Of Course "changeme" Is Valid Base64
Today, I came across
this blog
post regarding how the author of the post used the
string "changeme"
as test data while testing a Base64
decoding functionality in their application. However, the author
incorrectly believed that this test data is not a valid
Base64-encoded string and therefore would fail to decode
successfully when decoded as Base64. To their surprise, they found
that this string "changeme"
does in fact decode
successfully.
The post did not go any further into understanding why
indeed "changeme"
is a valid Base64-encoded string and
why it can successfully be decoded into binary data. It appears
that the author was using Base64 encoding scheme as a black box.
I think it is worth noting and illustrating that any alphanumeric string with a length that is a multiple of 4 is a valid Base64-encoded string. Here are some examples that illustrate this:
$ printf AAAA | base64 --decode | od -tx1 0000000 00 00 00 0000003 $ printf AAAAAAAA | base64 --decode | od -tx1 0000000 00 00 00 00 00 00 0000006 $ printf AQEB | base64 --decode | od -tx1 0000000 01 01 01 0000003 $ printf AQID | base64 --decode | od -tx1 0000000 01 02 03 0000003 $ printf main | base64 --decode | od -tx1 0000000 99 a8 a7 0000003 $ printf scrabble | base64 --decode | od -tx1 0000000 b1 ca da 6d b9 5e 0000006 $ printf 12345678 | base64 --decode | od -tx1 0000000 d7 6d f8 e7 ae fc 0000006
Further, since +
and /
are also used as
symbols in Base64 encoding (for binary 111110
and 111111
, respectively), we also have a few more
intersting examples:
$ printf 1+2+3+4+5/11 | base64 --decode | od -tx1 0000000 d7 ed be df ee 3e e7 fd 75 0000011 $ printf "\xd7\xed\xbe\xdf\xee\x3e\xe7\xfd\x75" | base64 1+2+3+4+5/11
I think it is good to understand why any string with a length that
is a multiple of 4 turns out to be a valid Base64-encoded string.
The Base64 encoding scheme encodes each group of 6 bits in the
binary input with a chosen ASCII character.
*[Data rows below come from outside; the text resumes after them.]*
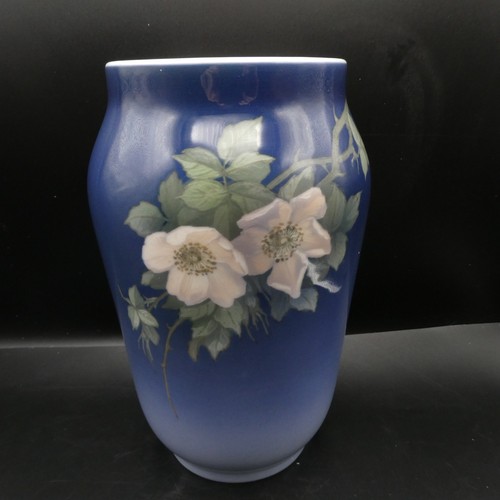 Beautiful large royal - large,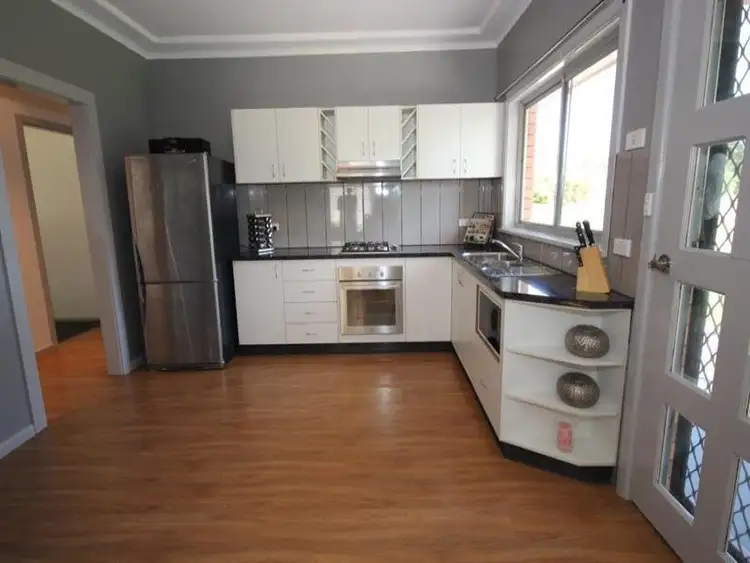 Third view of Homely house listing, 7 Peters Street, Dubbo NSW 2830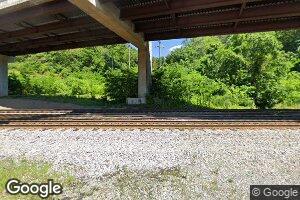 46 Rr 1, Hinton, WV 25951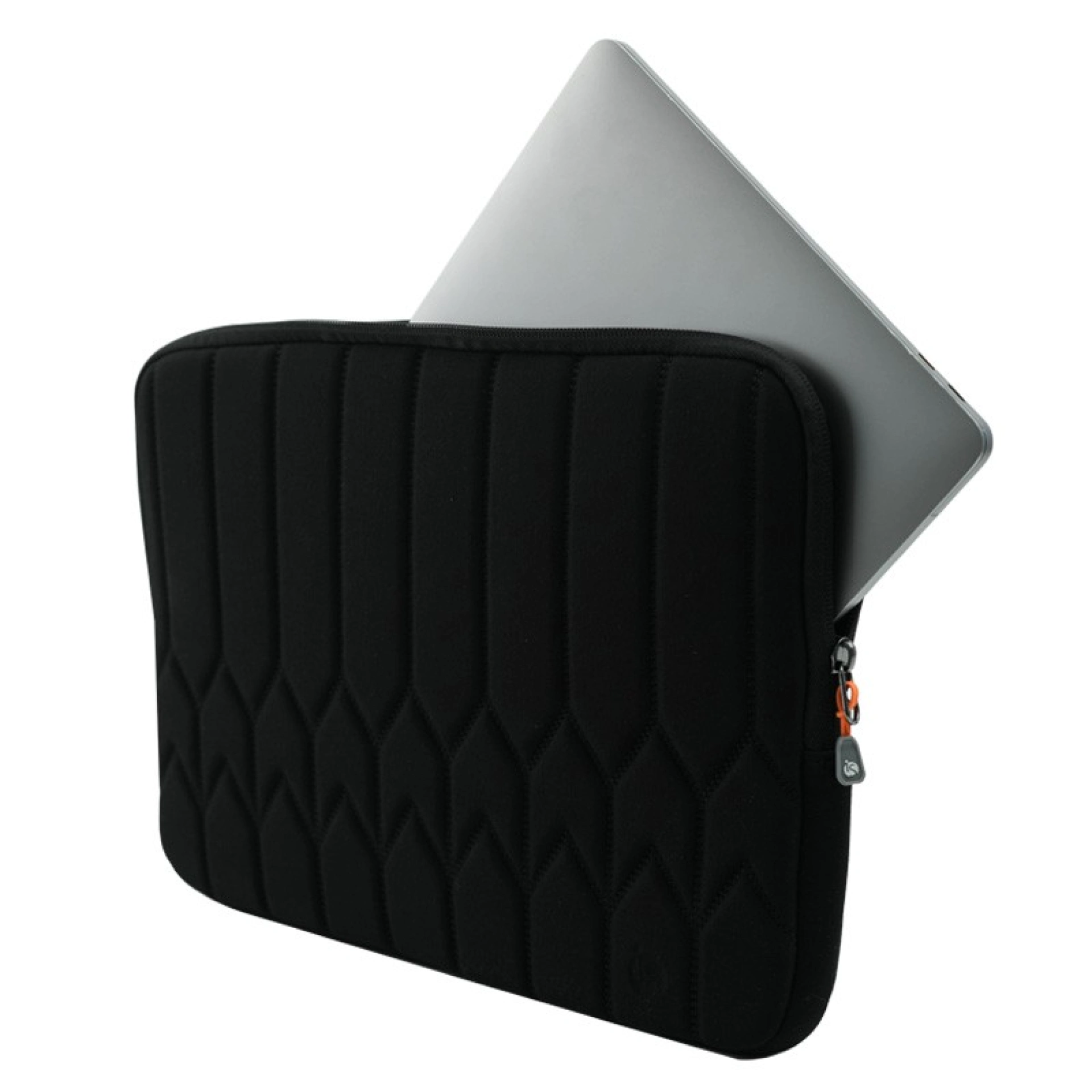 Laptopzak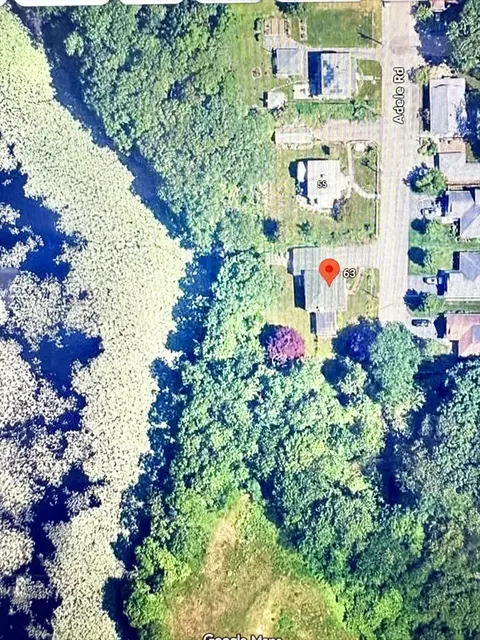 63 Adele Rd, Quincy, MA 02169 photo 36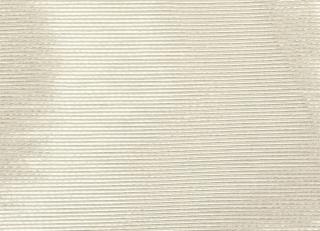 Фото - Обои Elitis Moire - 556790>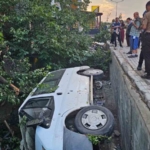 elazigda-minibus-bahceye-uctu-olayin-detaylari-ve-guncel-bilgiler-AsCVuigW.jpg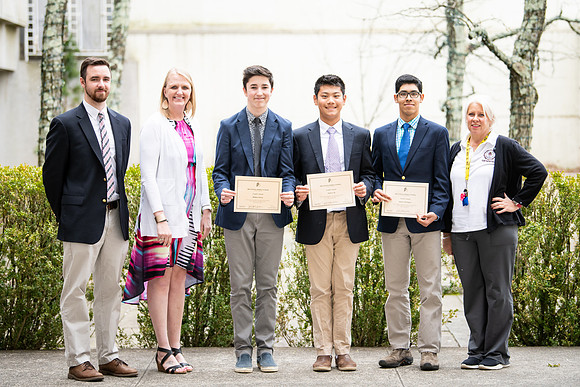sportsawards19_winter_ms_wkl_1493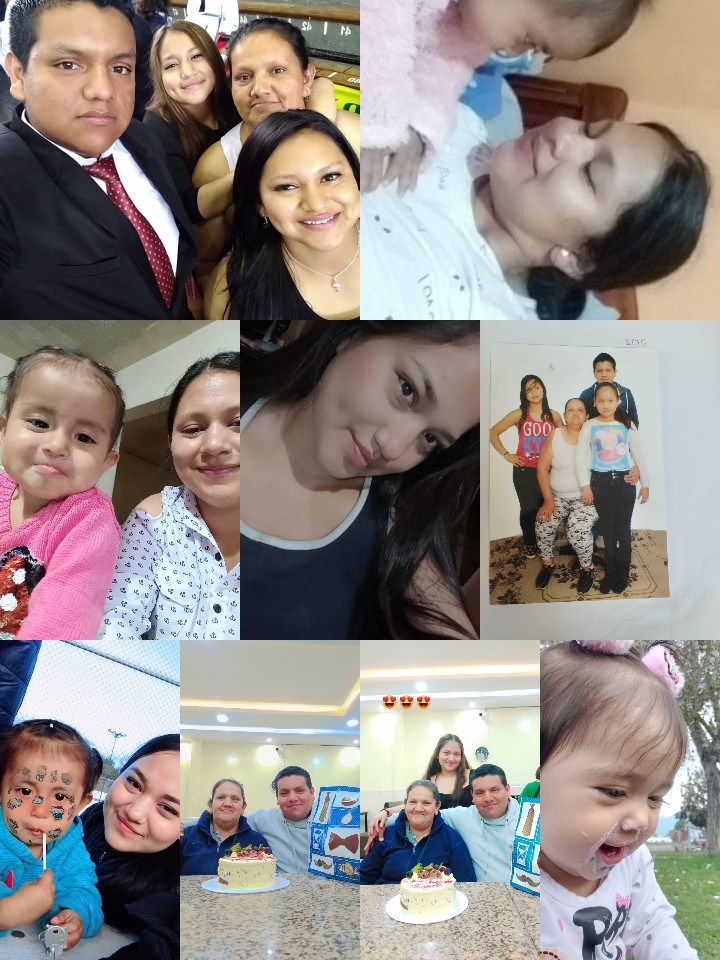 @Daviid EraZo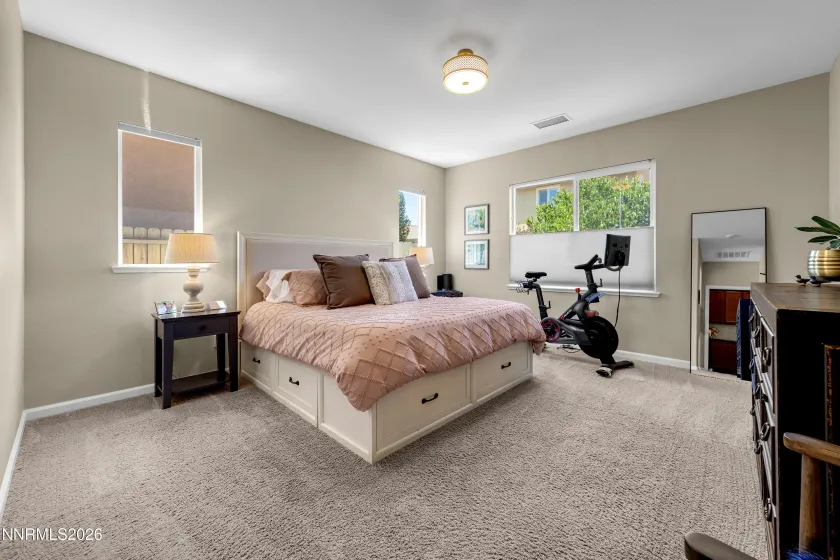 2145 Wind Walker, Reno, Nevada 89521, 4 Bedrooms Bedrooms, ,3 BathroomsBathrooms,Residential,Residential,Wind Walker,0,260012267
For every possible
6-bit binary value, we have assigned an ASCII character that appears
in the Base64-encoded string. Each output ASCII character can be
one of the 64 carefully chosen ASCII characters: lowercase and
uppercase letters from the English alphabet, the ten digits from the
Arabic numerals, the plus sign (+
) and the forward
slash (/
). For example, the bits 000000
is encoded as A
, the bits 000001
is
encoded as B
, and so on. The equals sign
(=
) is used for padding but that is not something we
will discuss in detail in this post.
The smallest positive multiple of 6 that is also a multiple of 8 is 24. Thus every group of 3 bytes (24 bits) of binary data is translated to 4 ASCII characters in its Base64-encoded string. Thus the entire input data is divided into groups of 3 bytes each and then each group of 3 bytes is encoded into 4 ASCII characters. What if the last group is less than 3 bytes long? There are certain padding rules for such cases but I will not discuss them right now in this post. For more details on the padding rules, see RFC 4648.
Now as a natural result of the encoding scheme, it turns out that any 4 alphanumeric characters is a valid Base64 encoding of some binary data. That's because for every alphanumeric character, we can find some 6-bit binary data that would be translated to it during Base64 encoding. This is the reason why any alphanumeric string with a length that is a multiple of 4 is a valid Base64-encoded string and can be successfully decoded to some binary data.